Mrs Axon said she had regretted having an abortion when she was 30, saying it made her "physically very, very ill" and she had "emotionally suffered for about 10 years".
"If my daughter needs two paracetamol at school I have to give permission yet the Department of Health has issued this guidance that we parents don't need to know [about abortions]."
Anne Weyman, Chief Executive of the Family Planning Association, said: "This case seeks to compel health professionals to inform the parents of anyone aged under 16 that they have been approached by that young person for advice, information or treatment about any sexual health matter, not just abortion.
"Young people worry a great deal about confidentiality and it is the single most important factor in their decision to visit a health service."
'Unplanned pregnancies'
She added: "Compulsory parental notification of their visit will drive teenagers away from services and prevent many of them coming forward for help.
"This will only put them at greater risk of unplanned pregnancy or sexually transmitted infections, with potentially disastrous consequences to individuals, the public health and the NHS."
Victoria Gillick, who went to court in 1983 to try to stop doctors prescribing contraception to under-16s without parental consent, is supporting Mrs Axon.
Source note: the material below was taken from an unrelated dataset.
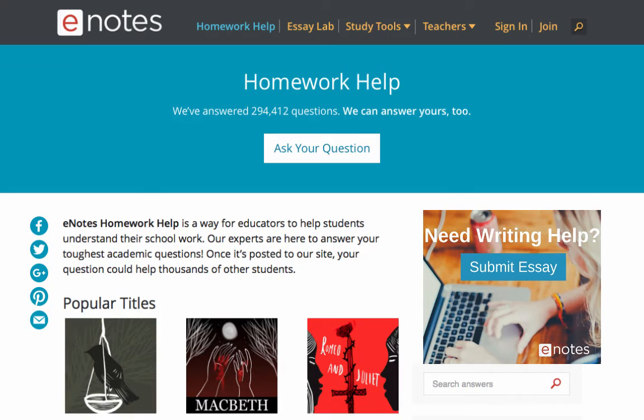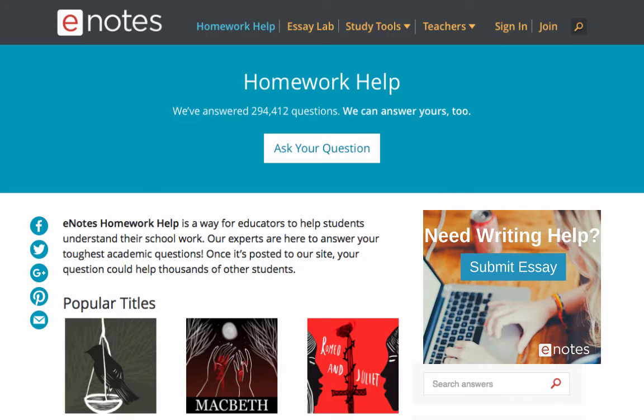Now you know how to easily share your expertise and knowledge with students. Visit E-Notes.com and start following your best and favorite literary works today.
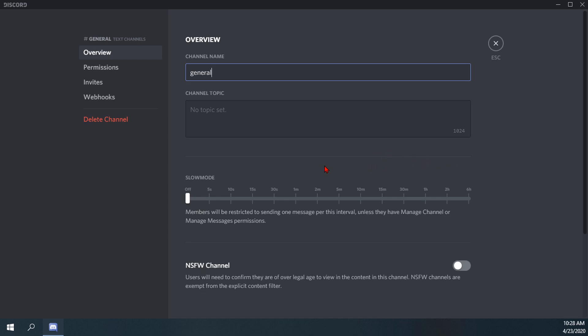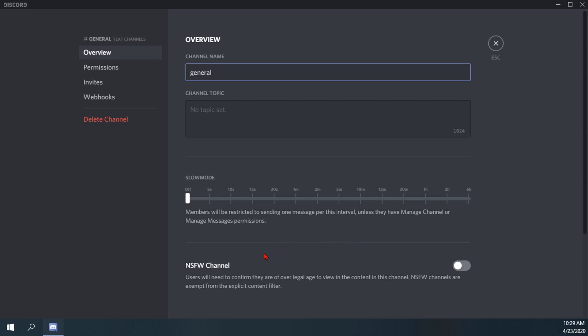Then from the overview tab within the text channel settings below the channel name and channel topic and slow mode, you'll notice there is an NSFW channel option here with a little toggle switch. Users will need to confirm they are of over legal age to view the content in this channel. NSFW channels are exempt from explicit content filter. So if you have filters on your other channels that filter for explicit content, basically those will not be applied here in the NSFW channel.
"This policy is geared, as Sue Axon said, for every parent in the country," she said.
"Children are being told at school you can go to your school nurse and if you're pregnant, we'll actually take you to a hospital, put you on an operating table, you will be aborted, and sent home with nobody actually knowing what has happened to you."
Mrs Axon won the right to a judicial review at a High Court hearing in December 2004.